Once the pictures are set aside, transcribe the remaining data exactly.

• Stored data
[Start of Attachment]

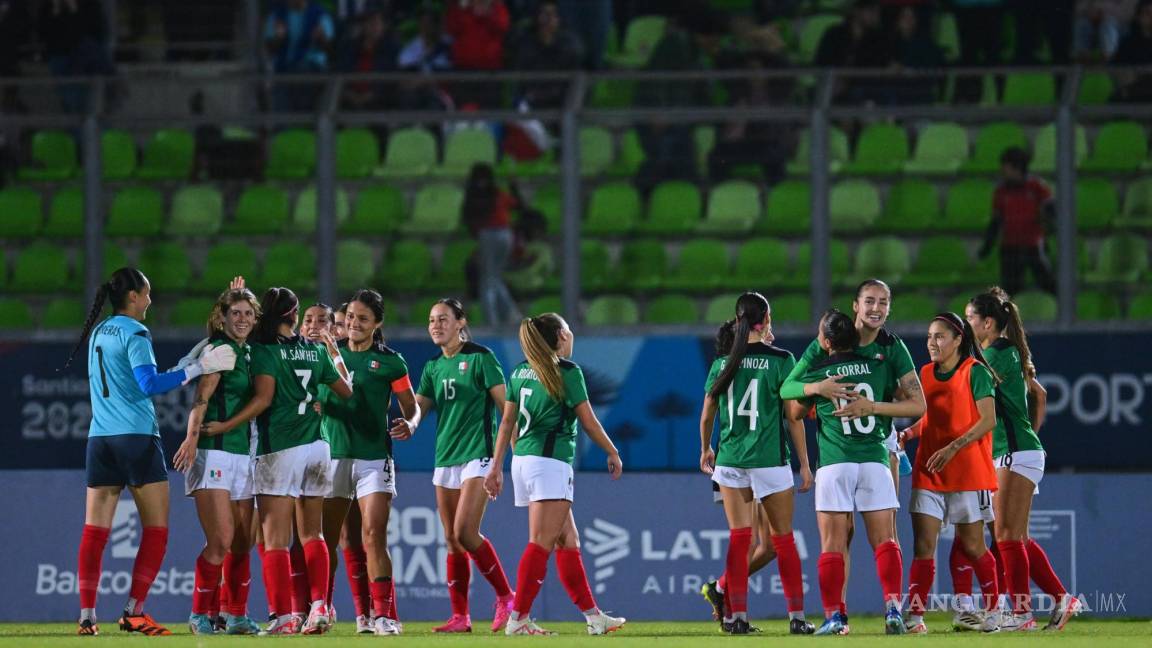 ¡Se impone el poder azteca! Tricolor Femenil vence a Chile para quedarse con el oro 42 de México en los Panamericanos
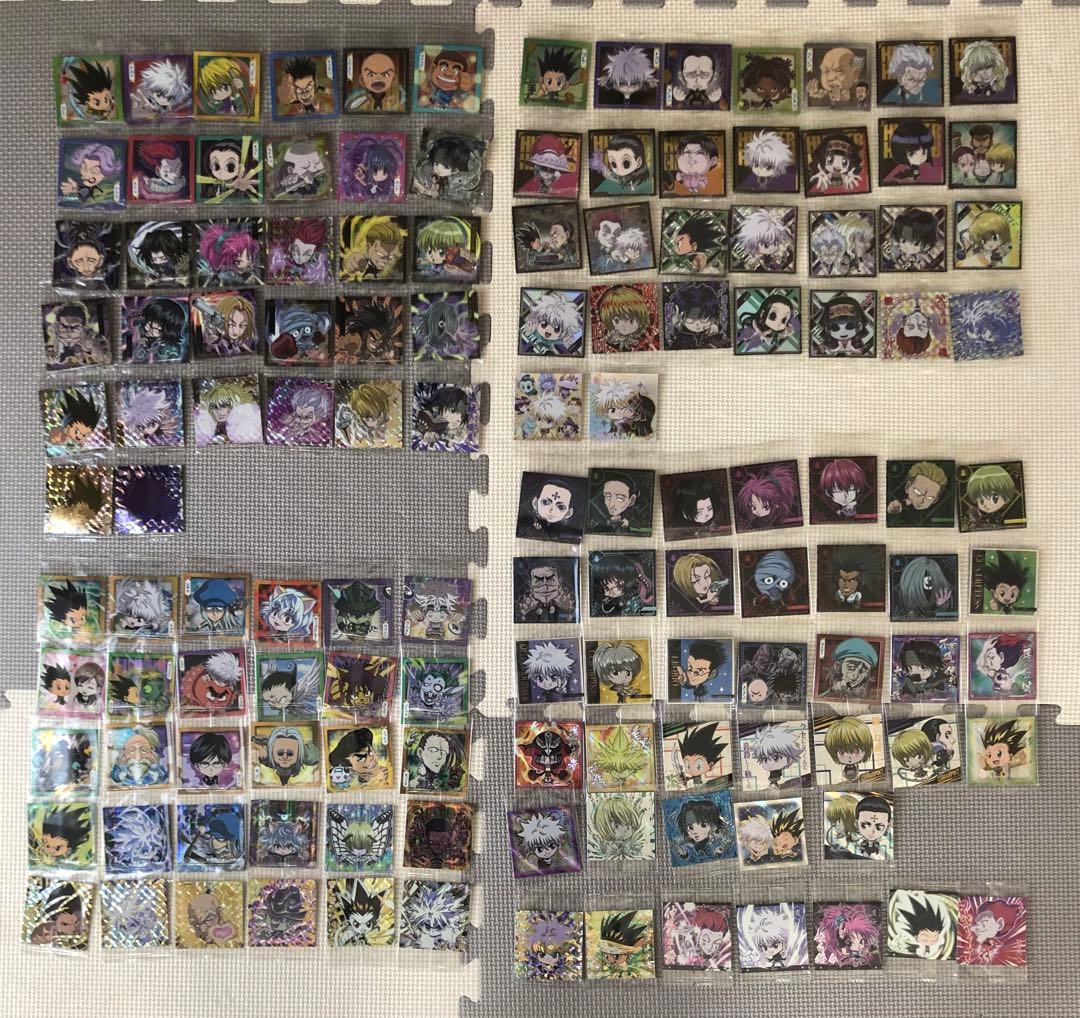 鬼滅の刃ほか　にふぉるめーしょん　シール　まとめ売り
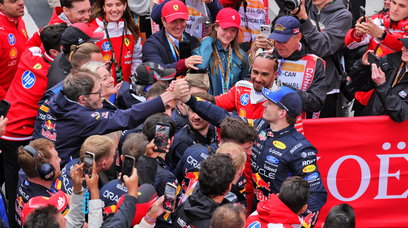Verstappen podium Canada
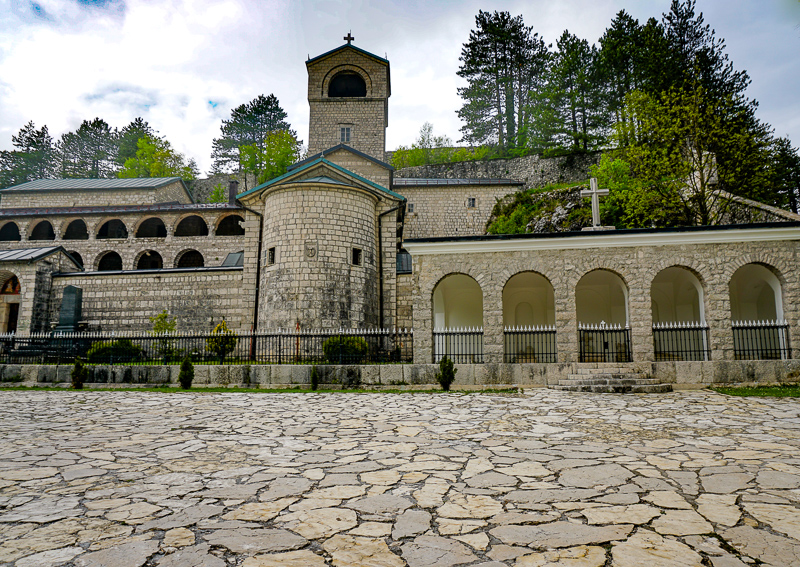 Cetinje Monastery Cetinje Montenegro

[End of Attachment]

• Task result
 ¡Se impone el poder azteca! Tricolor Femenil vence a Chile para quedarse con el oro 42 de México en los Panamericanos
 鬼滅の刃ほか　にふぉるめーしょん　シール　まとめ売り
Verstappen podium Canada
 Cetinje Monastery Cetinje Montenegro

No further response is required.